Originally posted by hexuan:
Another cause of “DNS” or other errors can be that your ISP is using a poorly updated or overworked proxy server, such as a certain large telecom company in the UK uses. If you do get a page, it can often be hours out of date. If the proxy server has to go and fetch it, your connection to the ISP can time out. You can often bypass an ISP’s proxy web server, I used to do it with my old ISP, but I have forgotten how. The address should be in IP format. I have heard of proxy server’s addresses having to be resolved, which means at least two trips to the DNS.
When it comes to proxy servers you will notice that most ISPs don’t have you set the Proxy’s IP address your browser settings. That is because they use a router in their network to perform a redirect. Any requests to a destination on port 80 (the HTTP port) will be automagically redirected to the proxy server. You can get around this proxy server normally by setting your browser to piont to a specific proxy as long as it isn’t on port 80.

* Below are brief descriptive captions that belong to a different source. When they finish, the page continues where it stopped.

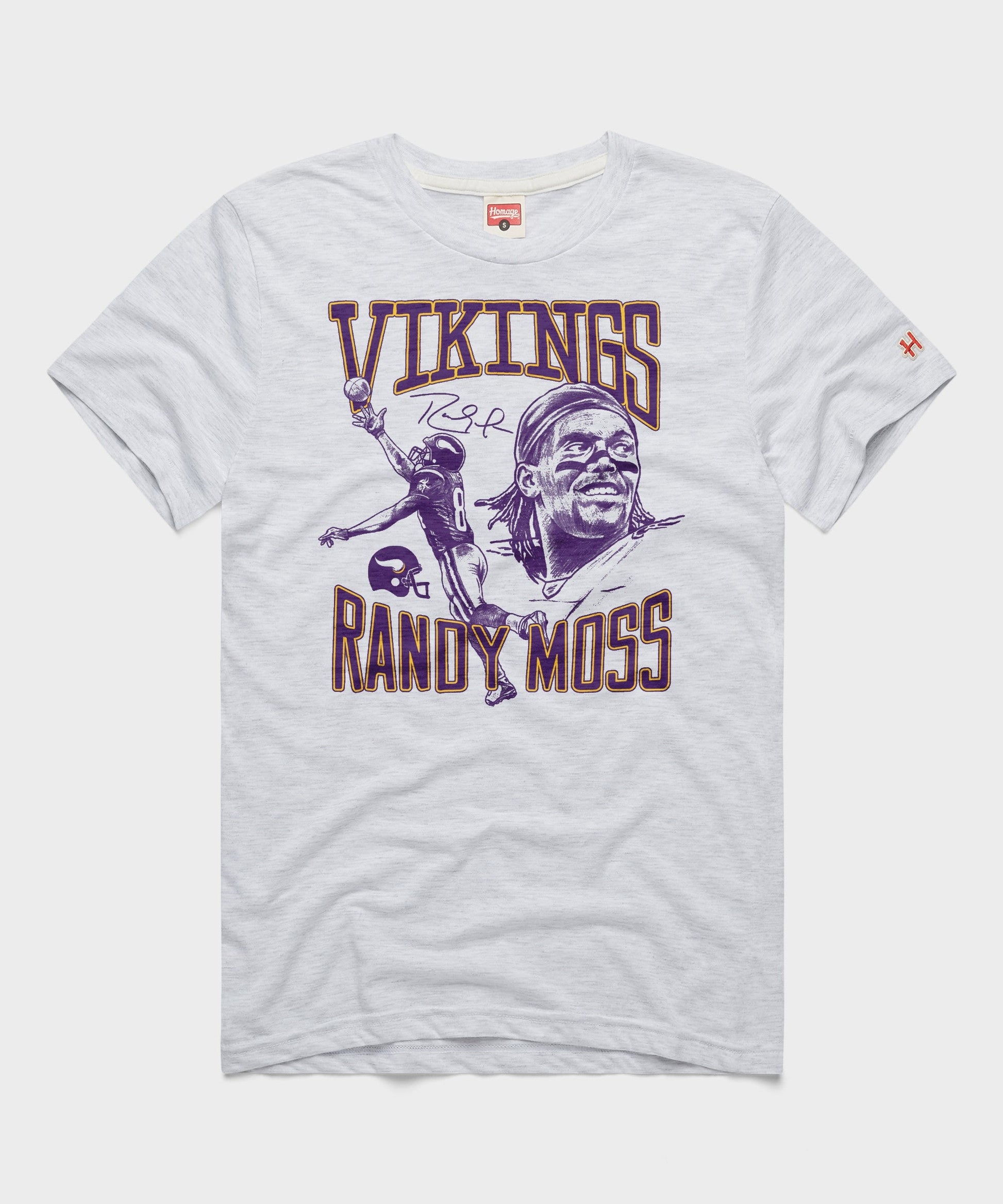 Vikings Randy Moss Signature Portrait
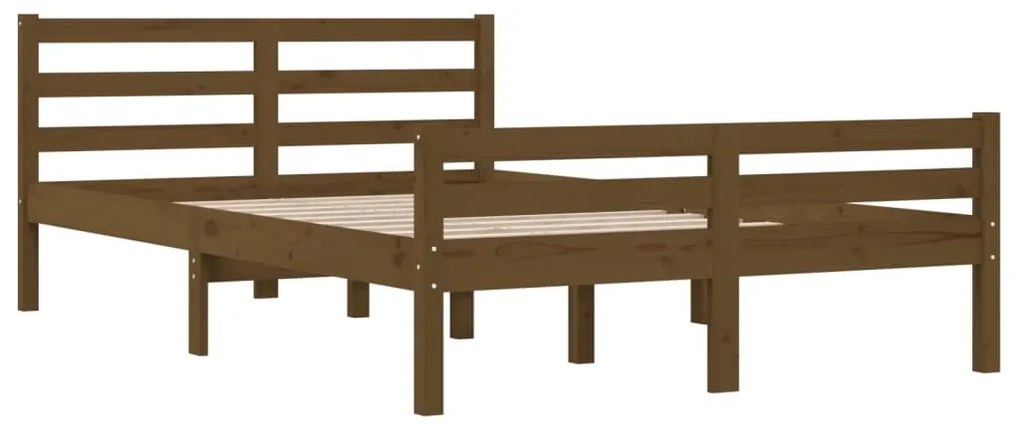 Πλαίσιο Κρεβατιού Μελί 150 x 200 εκ. Μασίφ Ξύλο King Size 814827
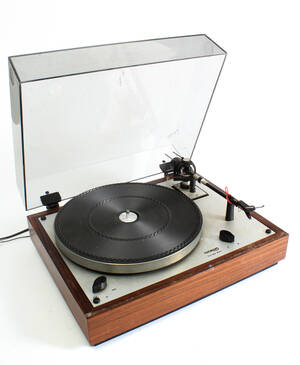 Platine Vinyl 3 Disques3t 45t Thorens TD166 TD 166 wood Bois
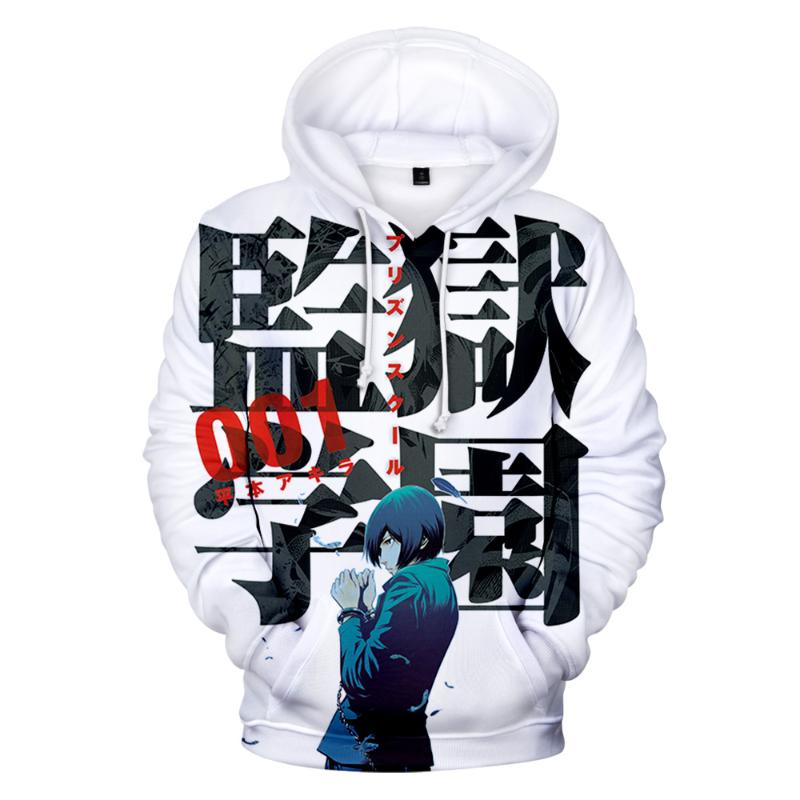 

Hoodies 3D Prison School Sweatshirts Streetwear Long Sleeve Pullover Anime 3D Print Sweatshirts Men/Women Fashion Casual Hooded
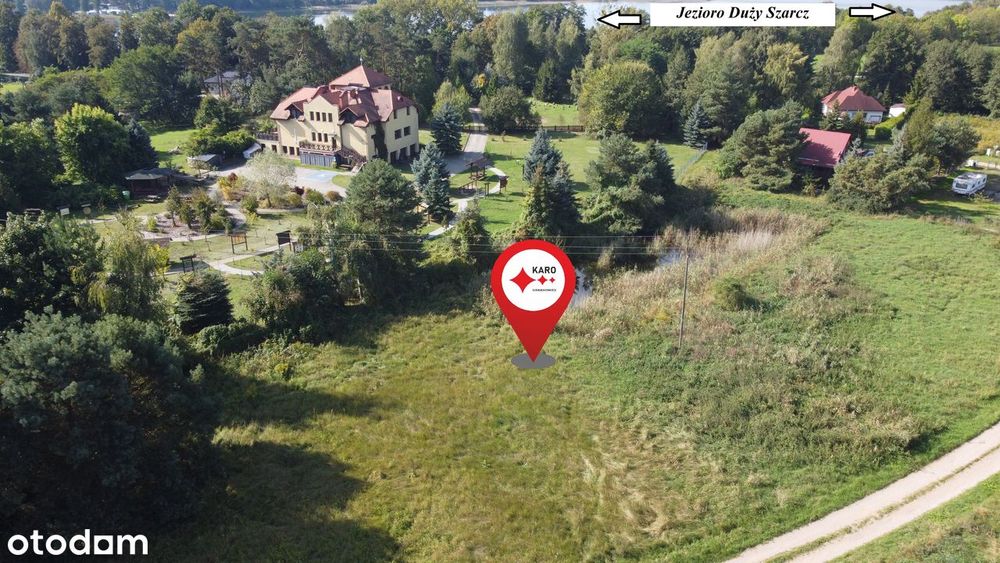 Piękna działka 400 m od Jeziora Duży Szarcz, MPZP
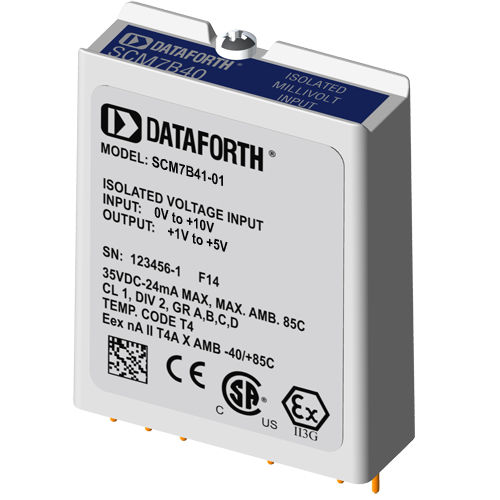 Analoges Eingangsmodul - SCM7B41-01 - Dataforth Corporation - Spannung / isoliert / Breitband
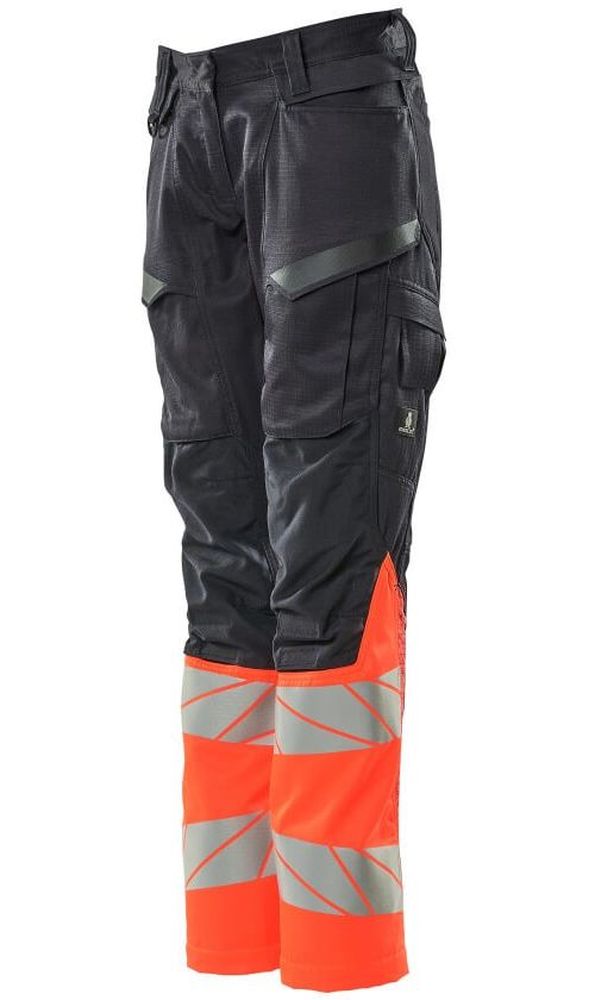 MascotDamenHosemitKnietaschenAccelerateSafe19678-236SchwarzblauHi-visRot-C3476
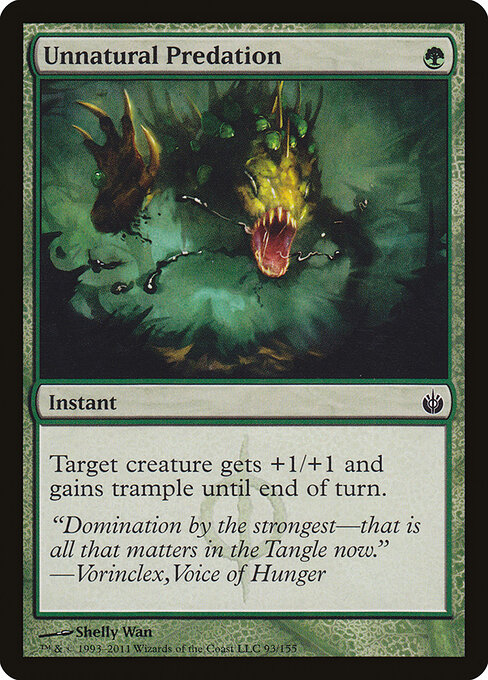 Unnatural Predation — art by Shelly Wan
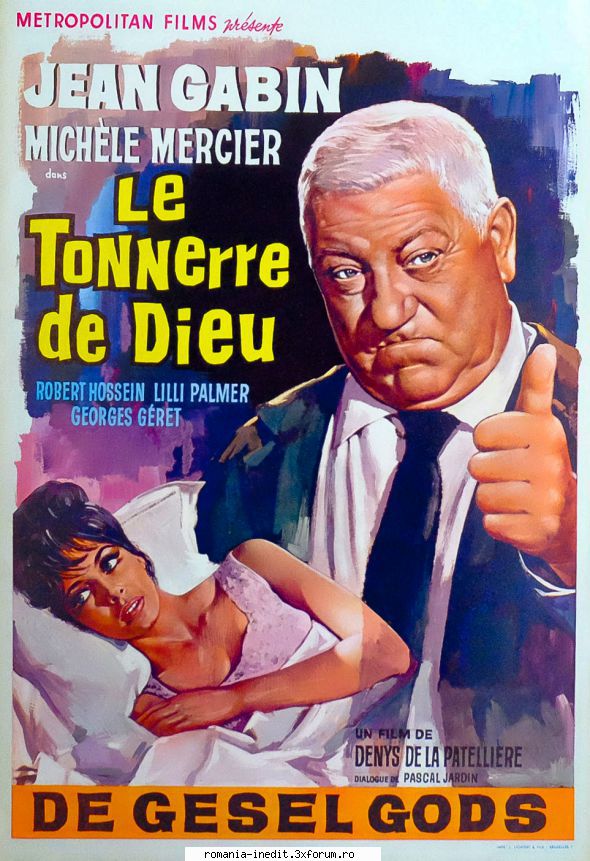 Mich�le Mercier - Le Tonnerre de Dieu 1965 Year:1965 Country Genre - Filme clasice - Old Movies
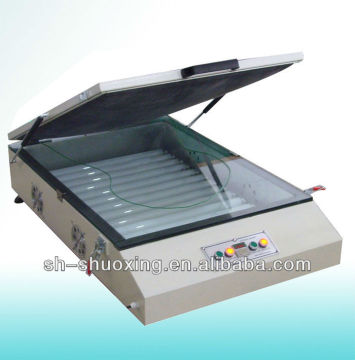 Screen printing frames exposure units with vacuum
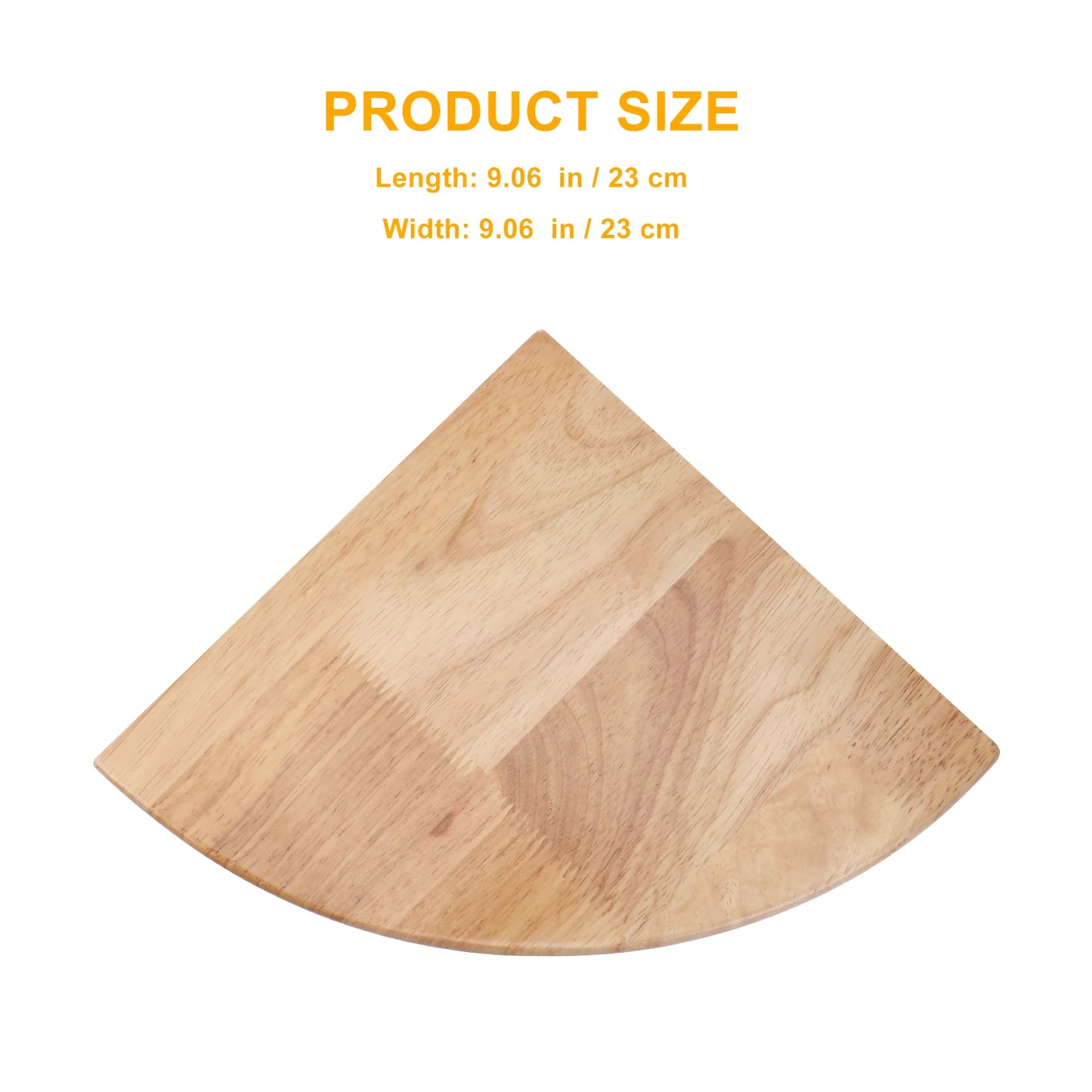 Floating Shelves - Rustic Wood Wall Mounted Corner Organizer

Most times it isn’t very effective, especially if you point to a proxy server outside of Taiwan. When you do that you encounter network delays as the client/server protocol has to traverse a greater distance.
One work around for stale pages is to set an option in your browser. Basically, the option selections are to check for a new version of the page “Everytime the page is visited”, “Automatically”, “Once per session”, or “Never”.
If you choose “everytime” your browser will send the appropriate parameters to the server (in this case the proxy) to check for a version which is newer than what it has in the cache.
This will help prevent stale pages, but it may reduce the performance as the proxy has to contact the site to ensure that the cache copy is the most recent copy.